Paul Clement, representing the gun owners, said his clients are entitled to an order from a federal court, not just the representations of the city’s lawyer. In one example, Clement said it is unclear whether a gun owner headed to a shooting range could stop for coffee or a bathroom break without breaking the law.
His argument appeared to win favor with at least two conservative justices, Samuel Alito and Gorsuch. When Dearing said coffee and rest stops are permissible, they asked about whether a gun owner would be at risk by stopping at his mother’s house.
Dearing replied he was less sure about other kinds of stops, but that people could challenge such a restriction in a new case.
Justice Clarence Thomas, who has lamented the court’s reluctance to take on gun cases, asked no questions, as is his custom. Kavanaugh also was silent throughout the arguments.

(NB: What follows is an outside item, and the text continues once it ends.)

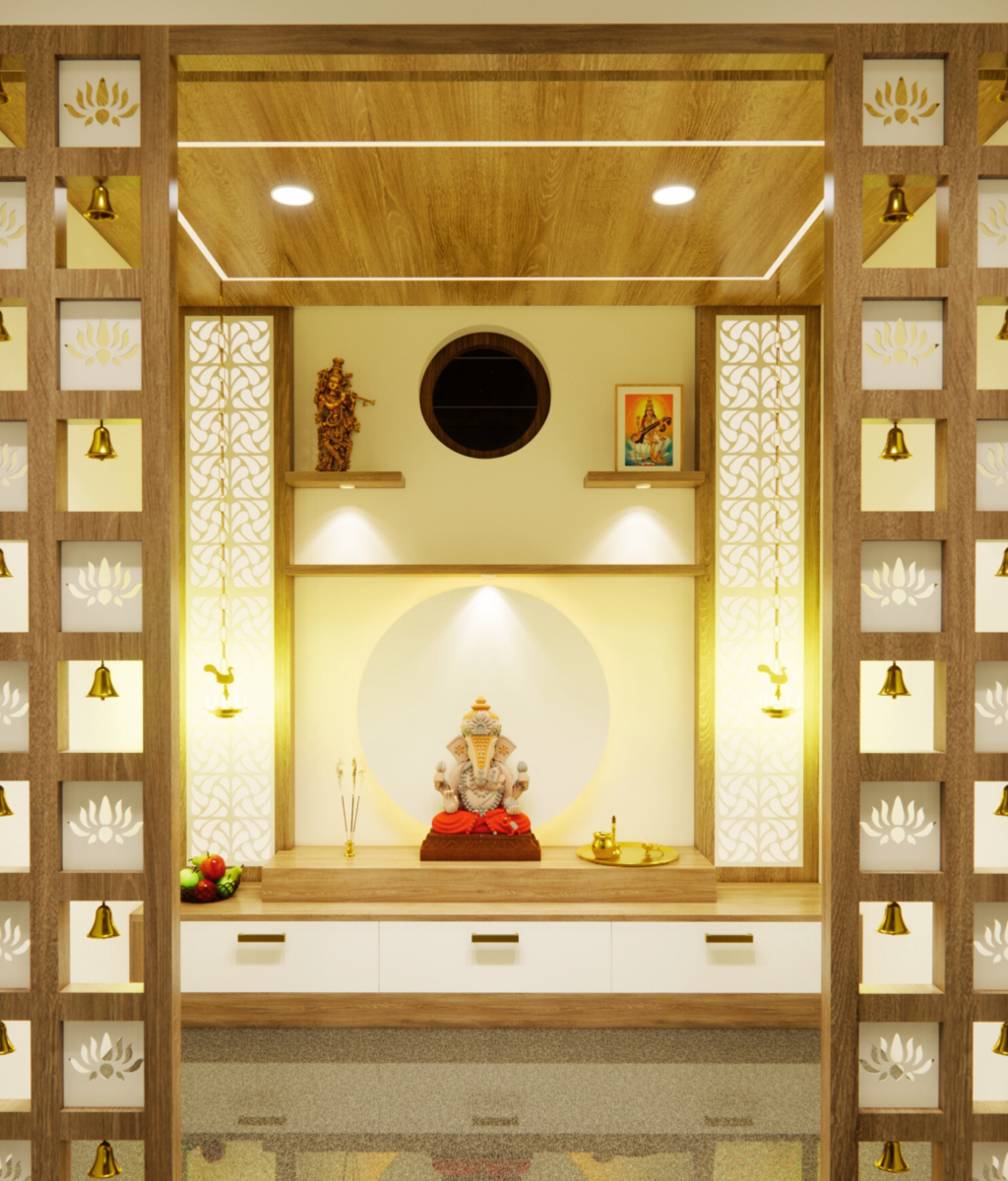 pooja room interior designs with wooden temple unit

For years, the NRA and its allies had tried to get the court to say more about gun rights, even as mass shootings may have caused the justices to shy away from taking on new disputes over gun limits.
The lawsuit in New York began as a challenge to the city’s prohibition on carrying a licensed, locked, and unloaded handgun outside the city limits, either to a shooting range or a second home.
Lower courts upheld the regulation, but the Supreme Court’s decision in January to step into the case signaled a revived interest in gun rights.
Officials at both the city and state level scrambled to find a way to remove the case from the justices’ grasp. Not only did the city change its regulation to allow licensed gun owners to transport their weapons to locations outside New York’s five boroughs, but the state enacted a law barring cities from imposing the challenged restrictions.
“There is no case or controversy because New York City has repealed the ordinance and the New York state Legislature has acted to make sure it remains repealed,” said Jonathan Lowy, chief counsel and vice president of the gun control group Brady’s legal action project.
But those moves failed to get the court to dismiss the case.
The city does contend that what it calls its “former rule” did not violate the Constitution. But that would seem to be a tough sell given the court’s makeup, with Gorsuch and, in particular, Kavanaugh on the court.
Kavanaugh voted in dissent when his federal appeals court upheld the District of Columbia’s ban on semi-automatic rifles.
“Gun bans and gun regulations that are not longstanding or sufficiently rooted in text, history, and tradition are not consistent with the Second Amendment individual right,” Kavanaugh wrote in 2011.
Gun-control advocates worry that the court could adopt Kavanaugh’s legal rationale, potentially putting at risk regulations about who can carry guns in public, limits on large-capacity ammunition magazines and perhaps even restrictions on gun ownership by convicted criminals, including people convicted of domestic violence.
“This approach to the Second Amendment would treat gun rights as an absolute right, frozen in history, and not subject to any restrictions as public safety demands,” said Hannah Shearer, litigation director at the Giffords Law Center to Prevent Gun Violence.
Reflecting the possible high stakes, more than three dozen supporting legal briefs have been filed. The Trump administration, 25 mainly Republican states, and 120 members of the House of Representatives are on the side of the gun owners.
A dozen Democratic-led states, 139 House lawmakers, and five Democratic senators are among the city’s backers.
A decision is expected by late June.